[WORK TASK] Start at the first line of the material below and retype each line through the one containing "Carcasa Bumper Funda", exactly.

** Opening EXTRACTED MATERIAL block **

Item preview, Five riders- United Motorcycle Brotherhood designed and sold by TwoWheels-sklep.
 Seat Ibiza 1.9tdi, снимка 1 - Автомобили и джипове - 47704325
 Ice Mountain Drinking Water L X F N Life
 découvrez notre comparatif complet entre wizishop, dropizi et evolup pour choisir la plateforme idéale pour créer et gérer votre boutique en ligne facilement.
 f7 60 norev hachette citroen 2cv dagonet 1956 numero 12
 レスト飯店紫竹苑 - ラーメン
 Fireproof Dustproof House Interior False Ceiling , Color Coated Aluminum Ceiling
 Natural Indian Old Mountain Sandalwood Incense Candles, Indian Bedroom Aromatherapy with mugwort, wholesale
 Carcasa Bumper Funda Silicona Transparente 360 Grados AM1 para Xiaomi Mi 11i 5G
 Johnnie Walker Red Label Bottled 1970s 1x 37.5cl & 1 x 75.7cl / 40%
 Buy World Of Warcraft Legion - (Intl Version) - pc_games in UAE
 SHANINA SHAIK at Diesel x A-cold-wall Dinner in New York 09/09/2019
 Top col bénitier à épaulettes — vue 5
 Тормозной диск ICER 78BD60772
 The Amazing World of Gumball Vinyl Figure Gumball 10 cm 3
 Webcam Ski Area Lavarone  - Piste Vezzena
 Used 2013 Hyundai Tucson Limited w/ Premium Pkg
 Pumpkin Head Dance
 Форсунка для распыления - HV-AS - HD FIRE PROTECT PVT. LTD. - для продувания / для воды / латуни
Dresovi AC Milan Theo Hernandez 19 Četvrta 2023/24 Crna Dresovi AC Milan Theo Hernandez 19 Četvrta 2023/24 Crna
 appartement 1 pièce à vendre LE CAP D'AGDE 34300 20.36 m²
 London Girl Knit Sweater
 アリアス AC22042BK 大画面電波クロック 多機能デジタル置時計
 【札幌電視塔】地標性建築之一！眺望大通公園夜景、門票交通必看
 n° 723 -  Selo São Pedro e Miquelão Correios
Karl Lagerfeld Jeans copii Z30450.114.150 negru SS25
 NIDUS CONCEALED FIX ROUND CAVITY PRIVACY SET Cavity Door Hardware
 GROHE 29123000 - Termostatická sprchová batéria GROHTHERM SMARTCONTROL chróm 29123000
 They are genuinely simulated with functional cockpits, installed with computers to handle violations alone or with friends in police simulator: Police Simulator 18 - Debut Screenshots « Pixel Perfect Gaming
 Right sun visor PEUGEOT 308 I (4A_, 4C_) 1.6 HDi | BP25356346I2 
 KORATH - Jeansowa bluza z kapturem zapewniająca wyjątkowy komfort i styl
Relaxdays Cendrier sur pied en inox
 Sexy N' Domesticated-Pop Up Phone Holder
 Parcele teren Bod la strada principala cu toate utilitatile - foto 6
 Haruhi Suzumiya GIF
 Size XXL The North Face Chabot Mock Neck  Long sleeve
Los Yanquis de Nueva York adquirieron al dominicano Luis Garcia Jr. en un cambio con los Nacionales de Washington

** Closing EXTRACTED MATERIAL block **

[TASK RESULT]
Item preview, Five riders- United Motorcycle Brotherhood designed and sold by TwoWheels-sklep.
 Seat Ibiza 1.9tdi, снимка 1 - Автомобили и джипове - 47704325
 Ice Mountain Drinking Water L X F N Life
 découvrez notre comparatif complet entre wizishop, dropizi et evolup pour choisir la plateforme idéale pour créer et gérer votre boutique en ligne facilement.
 f7 60 norev hachette citroen 2cv dagonet 1956 numero 12
 レスト飯店紫竹苑 - ラーメン
 Fireproof Dustproof House Interior False Ceiling , Color Coated Aluminum Ceiling
 Natural Indian Old Mountain Sandalwood Incense Candles, Indian Bedroom Aromatherapy with mugwort, wholesale
 Carcasa Bumper Funda Silicona Transparente 360 Grados AM1 para Xiaomi Mi 11i 5G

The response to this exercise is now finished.